This is _sort of_ true
If you recall the days of 68K macintosh, and Windows 3.11, there were quite a few macintosh virii.
Market share has gone down, while the emotions towards the OS have changed.
A much much larger percentage of Windows users _hate_ Windows, while more mac users love macs, that's why they chipped out for them.
Error 407 - No creative sig found
While Microsoft certainly has its problems, this attitude is pretty much, in my opinion, bullshit. If the statistics were reversed and Apple or Linux had 95% of the market you'd see just as much trashing on those systems as you see now on Windows. Script kiddies are going to attack what ever gets them the most attention. And attacking something that only has 3% of the market does not get them that attention.
Its the same philosophy of why more Corvettes get stolen than Yugos. Nobody wants a Yugo.
Yes, Windows has internal problems. All OSes do. Its a fact of life.
I want a new quote. One that won't spill. One that don't cost too much. Or come in a pill.
And I think that goes for "conspiracy" too.
Though I do expect that MS will happily exploit their laxness in building their systems if they can do it in such a way as to make their monopoly permanent and legally required.

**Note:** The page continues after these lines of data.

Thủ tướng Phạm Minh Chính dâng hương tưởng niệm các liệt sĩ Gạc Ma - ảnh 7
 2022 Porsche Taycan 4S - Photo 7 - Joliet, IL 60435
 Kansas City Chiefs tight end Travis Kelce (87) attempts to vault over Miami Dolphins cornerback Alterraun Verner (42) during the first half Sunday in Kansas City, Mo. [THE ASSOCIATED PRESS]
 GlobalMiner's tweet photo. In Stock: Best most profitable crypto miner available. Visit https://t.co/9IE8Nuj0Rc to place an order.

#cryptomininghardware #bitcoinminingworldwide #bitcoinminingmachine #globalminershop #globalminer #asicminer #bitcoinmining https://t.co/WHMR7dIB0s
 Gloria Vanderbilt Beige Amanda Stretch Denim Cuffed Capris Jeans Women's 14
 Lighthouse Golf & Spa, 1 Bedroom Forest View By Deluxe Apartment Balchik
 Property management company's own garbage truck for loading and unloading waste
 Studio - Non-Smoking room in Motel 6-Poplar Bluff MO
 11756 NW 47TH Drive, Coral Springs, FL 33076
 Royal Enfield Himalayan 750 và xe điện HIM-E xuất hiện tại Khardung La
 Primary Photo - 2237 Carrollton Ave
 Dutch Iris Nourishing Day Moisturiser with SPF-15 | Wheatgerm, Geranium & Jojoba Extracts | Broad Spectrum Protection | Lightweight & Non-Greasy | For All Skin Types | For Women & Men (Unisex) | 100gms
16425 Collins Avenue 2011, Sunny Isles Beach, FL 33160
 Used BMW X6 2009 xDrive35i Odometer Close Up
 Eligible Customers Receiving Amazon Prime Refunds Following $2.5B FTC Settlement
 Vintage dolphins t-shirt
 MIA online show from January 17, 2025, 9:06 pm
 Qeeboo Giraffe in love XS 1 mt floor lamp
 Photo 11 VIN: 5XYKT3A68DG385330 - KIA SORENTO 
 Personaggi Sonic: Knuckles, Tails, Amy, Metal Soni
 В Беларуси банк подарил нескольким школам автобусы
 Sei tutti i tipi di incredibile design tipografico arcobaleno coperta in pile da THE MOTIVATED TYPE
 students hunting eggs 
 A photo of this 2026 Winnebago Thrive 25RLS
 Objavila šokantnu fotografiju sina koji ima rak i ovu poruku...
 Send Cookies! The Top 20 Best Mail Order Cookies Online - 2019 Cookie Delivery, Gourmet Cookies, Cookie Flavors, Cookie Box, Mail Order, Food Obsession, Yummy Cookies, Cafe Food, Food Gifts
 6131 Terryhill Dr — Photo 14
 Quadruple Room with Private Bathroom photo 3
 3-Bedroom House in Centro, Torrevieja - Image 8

I worked for a company (for 3 days..I left out of principle) who the owner refused to accept the word "can't"..he wanted Windows to run on a Mac (he didnt understand the the concept of processors or architecture), when I told him he can't...he demanded to get it done..so..I write him a price quote...It was basically a quote to program a virtual machine that ran on the PPC chip. After giving him the proposal (man-hours, etc)..he said he can buy comparative VM software for around $500. (He does his homework, but not enough).he wanted to know why it would cost so much and take a year to program...
If you're not a Liberal in your 20's, then you have no heart.If you're still a Liberal in your 30's you have no brain.
wow, 10USD per hour... life must be tough.
The average family wage in australia is $10.50 USD per hour. ($35,000AUD / 2000Hours * 60c)
Tell me, how do they cope?
>Tell me, how do they cope?
Dunno, but the difference is due to the very low GDP for Australia vs. the very high GDP for the USA. The accounts for the difference in wages between many different countries.
In the US itself, though, there are places where $10 US an hour is well below poverty and you would be expected to drift from shelter to shelter (Parts of California), and also places where $10 US an hour will make you rich (Alaska?).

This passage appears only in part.